Tue Feb 25 19:39:30 PST 2014

On Feb 25, 2014, at 10:55 AM, Hal Finkel <hfinkel at anl.gov> wrote:

> ----- Original Message -----
>> From: "Stefan Hepp" <stefan at stefant.org>
>> To: "Tom Stellard" <tom at stellard.net>
>> Cc: "llvmdev at cs.uiuc.edu List" <llvmdev at cs.uiuc.edu>
>> Sent: Tuesday, February 25, 2014 12:22:54 PM
>> Subject: Re: [LLVMdev] ScheduleDAGInstrs/R600 test potential issue with implicit defs
>> 
>> Hi Tom,
>> 
>> Thanks a lot for your explanations, now it makes a lot more sense ;)
>> 
>> I had a slightly closer look at the R600 packetizer, and the issue is
>> that the third LSHL instruction has both an implicit use and
>> *afterwards* an implicit def of T1_XYZW. The latter def causes the
>> current ScheduleDAGInstrs implementation to ignore the implicit use,
>> thus the ScheduleDAG only contains an anti-dependency from the second
>> to
>> the third LSHL and the packetizer can bundle the instructions.
>> 
>> If the order of the implicit-defs and implicit-use would be different
>> (e.g., like TableGen adds them), or if I apply my patch so that the
>> implicit-use is not ignored, there is a true dependency edge between
>> those two instructions, preventing bundling.
>> 
>> Removing only the implicit-defs alone has no effect in this example,
>> as
>> then the implicit-use of T1_XYZW is then no longer removed and a true
>> dependency to the def of T1_W is added.

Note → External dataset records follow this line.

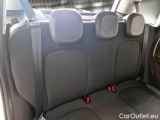  Fiat  Panda FIAT  / 2011 / 5P / BERLINA 1.2 69CV E6D-TEMP EASY #15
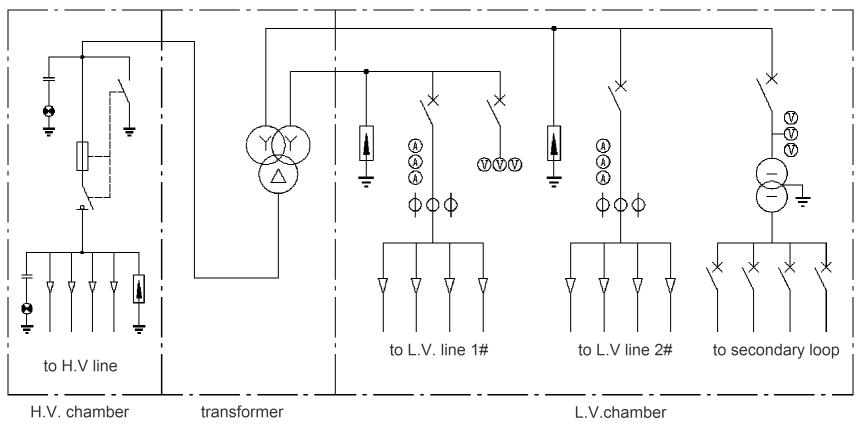 ASchematic2.jpg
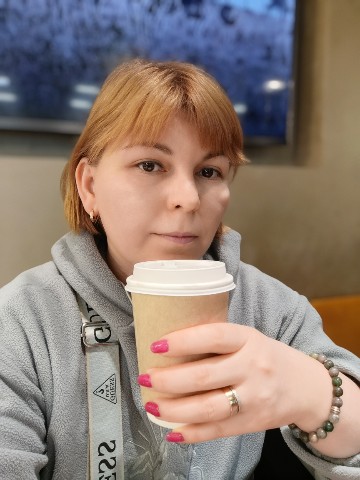 Евгения Куклева в LOOKY. . ВНИМАНИЕ ☢️ АКЦИЯ

Д...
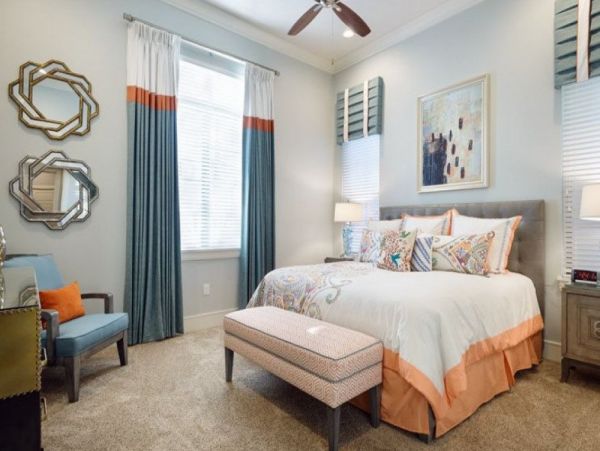 Orlando Home 949298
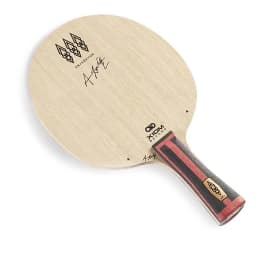 Xiom AJH TMXI table tennis blade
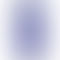 Samsung Galaxy F06 5G - Refurbished_Lit Violet_Back_61889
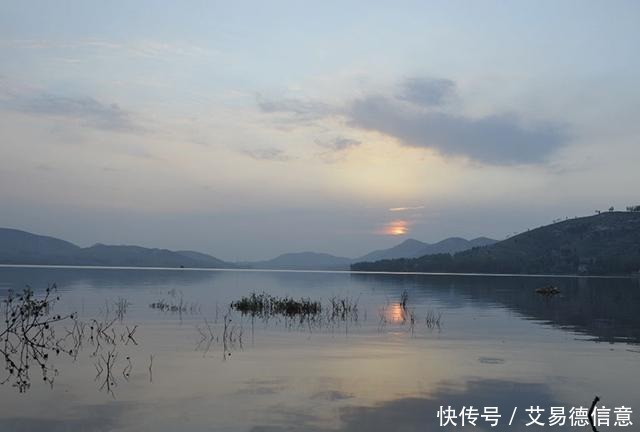 马未都:过去江湖中,还是有身怀绝技的人的,我当知青时就见到过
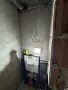 Ремонт на баня, ремонт на апартамент!, снимка 5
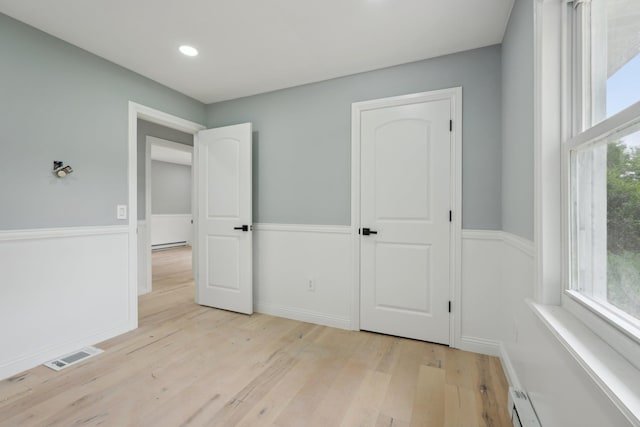 13 Sharon Dr, Highland, NY 12528 - photo 23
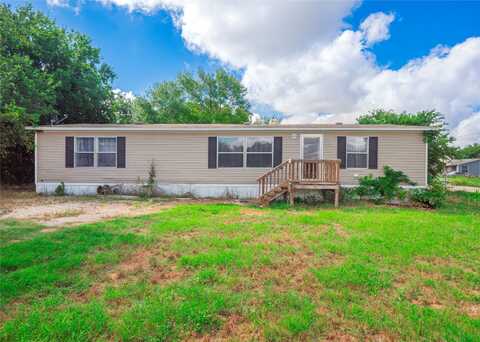 Rosewood Circle, San Marcos, TX 78666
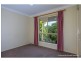 283 MacDonnell Road, Tamborine Mountain QLD 4272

Removing all implicit
>> operands
>> however solves that (see attached patch/hack).
>> 
>> I would argue that the behaviour of
>> ScheduleDAGInstrs::buildSchedGraph
>> for implicit operands is not correct, simply because changing the
>> order
>> of the operands would already prevent the R600 packetizer from
>> bundling
>> in this example.
> 
> Unless there is supposed to be an ordering, I agree that this does not make sense.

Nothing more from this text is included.